In practice, using a temporary is not how you’d probably write this code:

TEST(plusAndBind, accumulateHowYoudProbablyWriteIt) {
  Value values[] = { Value(10), Value(42) };

  int result = std::accumulate(
      values,
      values + sizeof(values)/sizeof(values[0]),
      0,
      bind(std::plus<int>(), _1, bind(&Value::getValue, _2))
  );

  LONGS_EQUAL(52, result);
}

Working with vectors of shared_ptr

Let’s look at one final example. Imagine you want to have a vector of dynamically-allocated objects. Instead of storing raw pointers, you might think to use some kind of smart pointer, such as std::auto_ptr. However, you cannot put std::auto_pointer into standard collections. So instead, you decide to use boost::shared_ptr. Here’s a final example that does all of that:

#include <vector>
#include <boost/shared_ptr.hpp>

typedef boost::shared_ptr<Value> sp_Value;
typedef std::vector<sp_Value> vsp_Value;

TEST(plusAndBind, vsp_Value) {
  vsp_Value values;

  values.push_back(sp_Value(new Value(10)));
  values.push_back(sp_Value(new Value(42)));

  int result = std::accumulate(
      values.begin(),
      values.end(),
      0,
      bind(std::plus<int>(), _1, bind(&Value::getValue, _2))
  );

  LONGS_EQUAL(52, result);
}

This is a place where boost::bind shines over std::bind1st (or std::bind2nd). It’s smart enough to just work in this situation.

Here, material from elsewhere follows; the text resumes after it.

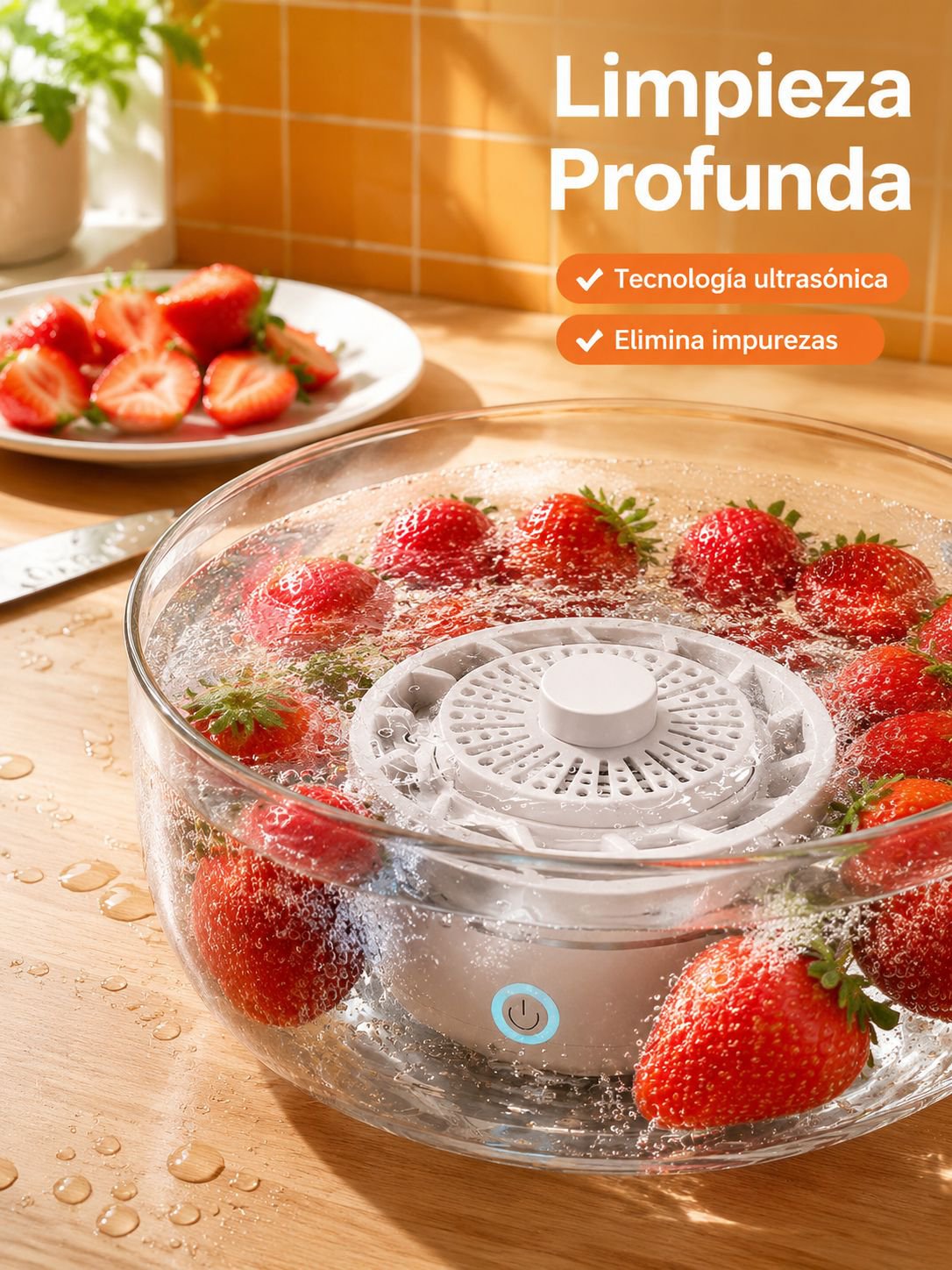 Lavadora ultrasónica inalámbrica de frutas y verduras para uso doméstico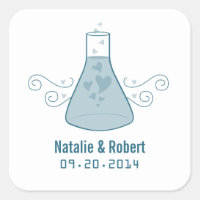 Blue Sweet Chemistry Wedding Stickers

This example is packed with a lot of details:

Using typedefs to give (hopefully) better names to types.
Dynamic allocation without an apparent deallocation by using boost::shared_ptr
Function currying and nesting
An actual, executing and passing unit test.

The Whole File

Each of these examples are pulled from one larger, compiling C++ source file. Here’s the whole file:

PlusAndBindTest.cpp

#include <boost/bind.hpp>
#include <numeric>
#include <boost/shared_ptr.hpp>
#include <CppUTest/TestHarness.h>

using boost::bind;

struct Value {
  Value(int v) : v(v) {}
  int getValue() const { return v; }
  operator int() { return v; }
  int v;
};

TEST_GROUP(plusAndBind) {
};

TEST(plusAndBind, callDirectly) {
  Value v(42);
  std::plus<int> add;
  int result = add(10, v.getValue());
  LONGS_EQUAL(52, result);
}

TEST(plusAndBind, bindBothParameters) {
  Value v(42);
  std::plus<int> add;
  auto functor = bind(add, 10, v.getValue());
  int result = functor();
  LONGS_EQUAL(52, result);
}

TEST(plusAndBind, bindSecondParameter) {
  Value v(42);
  std::plus<int> add;
  auto functor = bind(add, _1, v.getValue());
  int result = functor(10);
  LONGS_EQUAL(52, result);
}

TEST(plusAndBind, doNotBindAnyParameters) {
  Value v(42);
  std::plus<int> add;
  auto functor = bind(add, _1, _2);
  int result = functor(10, v.getValue());
  LONGS_EQUAL(52, result);
}

TEST(plusAndBind, bind2ndParameterToMethodCall) {
  Value v(42);
  std::plus<int> add;
  auto functor = bind(add, _1, bind(&Value::getValue, _2));
  int result = functor(10, v);
  LONGS_EQUAL(52, result);
}

TEST(plusAndBind, theWholeThingInline) {
  Value v(42);
  auto functor = bind(std::plus<int>(), _1, bind(&Value::getValue, _2));
  int result = functor(10, v);
  LONGS_EQUAL(52, result);
}

TEST(plusAndBind, accumulateAnArrayOfValues) {
  std::plus<int> add;
  Value values[] = { Value(10), Value(42) };

  int result = std::accumulate(
      values,
      values + sizeof(values)/sizeof(values[0]),
      0,
      add
  );

  LONGS_EQUAL(52, result);
}

TEST(plusAndBind, accumulateOnArrayUsingBind) {
  auto functor = bind(std::plus<int>(), _1, bind(&Value::getValue, _2));
  Value values[] = { Value(10), Value(42) };

  int result = std::accumulate(
      values,
      values + sizeof(values)/sizeof(values[0]),
      0,
      functor
  );

  LONGS_EQUAL(52, result);
}

TEST(plusAndBind, accumulateHowYoudProbablyWriteIt) {
  Value values[] = { Value(10), Value(42) };

  int result = std::accumulate(
      values,
      values + sizeof(values)/sizeof(values[0]),
      0,
      bind(std::plus<int>(), _1, bind(&Value::getValue, _2))
  );

  LONGS_EQUAL(52, result);
}

#include <vector>
#include <boost/shared_ptr.hpp>
typedef boost::shared_ptr<Value> sp_Value;
typedef std::vector<sp_Value> vsp_Value;
TEST(plusAndBind, vsp_Value) {
  vsp_Value values;

  values.push_back(sp_Value(new Value(10)));
  values.push_back(sp_Value(new Value(42)));

  int result = std::accumulate(
      values.begin(),
      values.end(),
      0,
      bind(std::plus<int>(), _1, bind(&Value::getValue, _2))
  );

  LONGS_EQUAL(52, result);
}